What I have a problem with is
filling our kids with scientific data and arguments to ground their faith in.
This assumes the very modern-enlightenment idea that the battle for faith must
take place in the scientific realm. You can never prepare a child for every bit
of data they will read, or every argument they will encounter. As soon as one's creation-science artifice has been chipped away at college by something they
were not prepared for and no creation scientist has yet written an article
about, the whole faith comes crumbling down because their faith has really been in science. Not in the
Bible, much less in Christ. I believe the more healthy thing to do is to help our kids have a faith
grounded in something much deeper than the whims of science – that human,
subjective, privilege-driven field. Tomorrow, half the arguments for a young
earth will be proven wrong. And the day after, half the arguments for
evolutionary theory will be proven wrong. This cannot, and should not, be the
battle-ground of our faith. It’s too uncertain, too subjective.
I will clarify: I’m not a complete relativist in
terms of scientific knowledge (any more than Kuhn was). After all, I take antibiotics and I get better.
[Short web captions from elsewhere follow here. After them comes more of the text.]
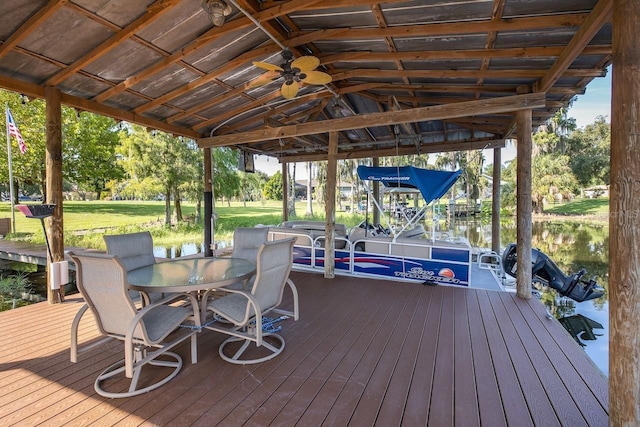 wooden terrace featuring a water view, ceiling fan, and a lawn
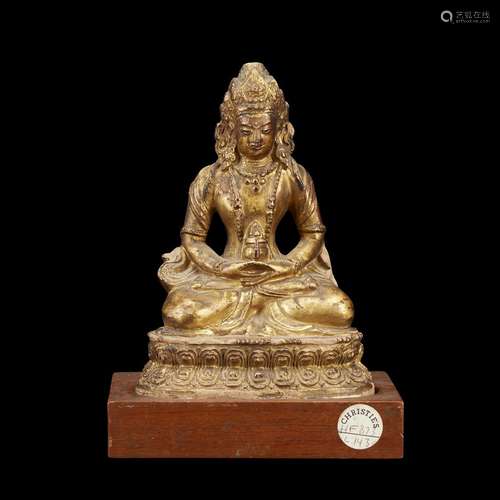 A Sino-Tibetan gilded terracotta figure of Amitayus Buddha,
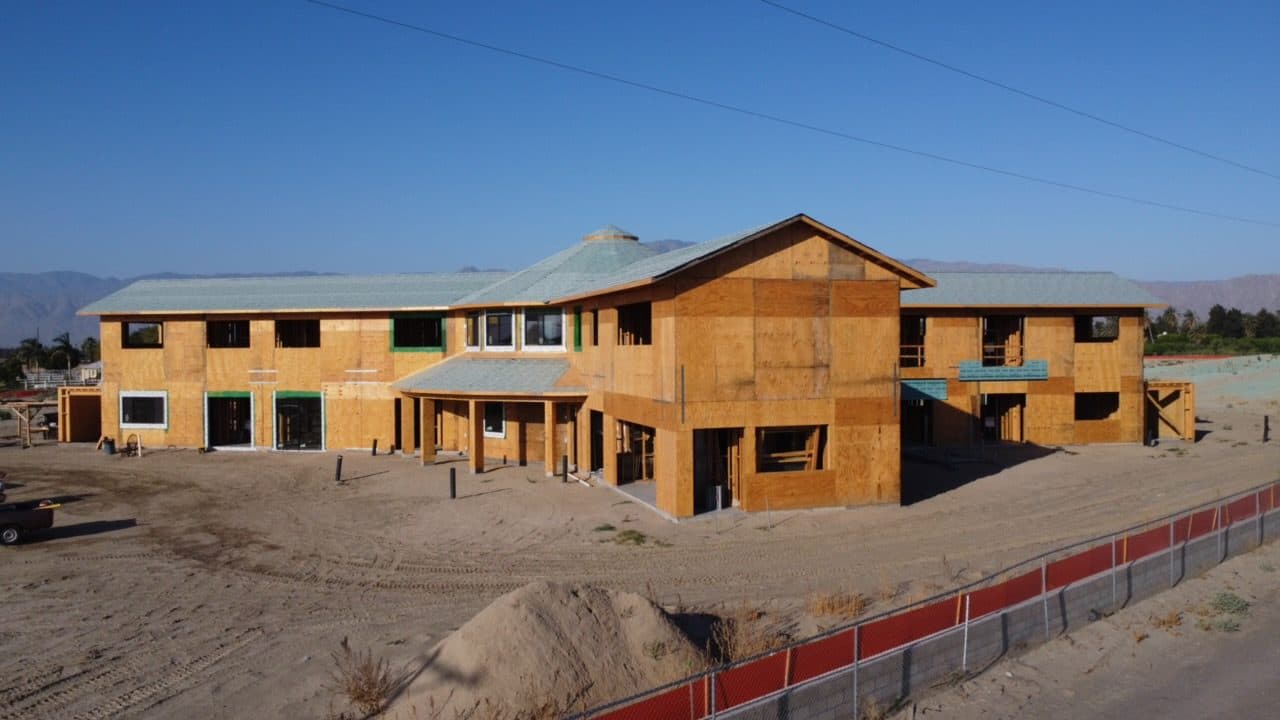 Front elevation nearly dried in: sheathed two-story walls and roofing on the central round mass and both wings.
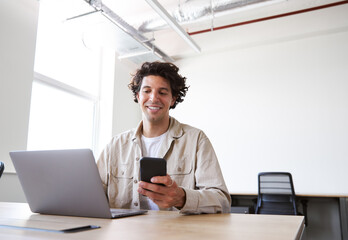 Young man with laptop and mobile phone at desk working on start up business in open plan office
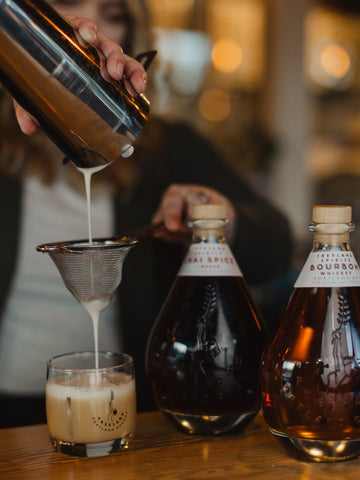 Cocktail being poured into a Freeland Spirits rocks glass, next to bottles of Freeland Bourbon and Smith Tea Collaboration Chai Spice Liqueur 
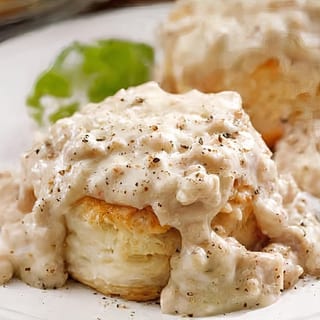 A flaky biscuit smothered in creamy sausage gravy, seasoned with black pepper.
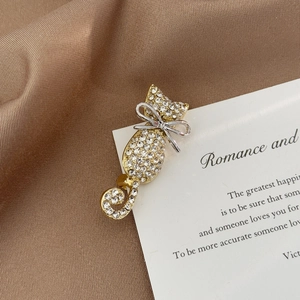 Exquisite gold-plated cat brooch with crystal rhinestones on elegant silk background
I get on planes and they stay in the air. We certainly know things now that generations before us did not. I’m all for scientific endeavor and what it can
discover and what it can accomplish. And
I personally lean towards an old earth and some form of theistic-evolutionary
theory, because – from the best we can do – that this makes the most sense to
me (and I certainly don’t think it contradicts Scripture). But at the end of
the day, I don’t put much stock in it all; at least not as far as my faith is
concerned. My faith is in something deeper. The
confidence I have is from my personal encounter with Jesus, and the sustenance
of the Church and the power of the Spirit. I proclaim what has been proclaimed
by the Church from the beginning: That Christ died and rose again and that we
must depend upon Him for salvation.
Science isn’t going to tell me much about the validity or
invalidity of that belief. Its parameters are too small.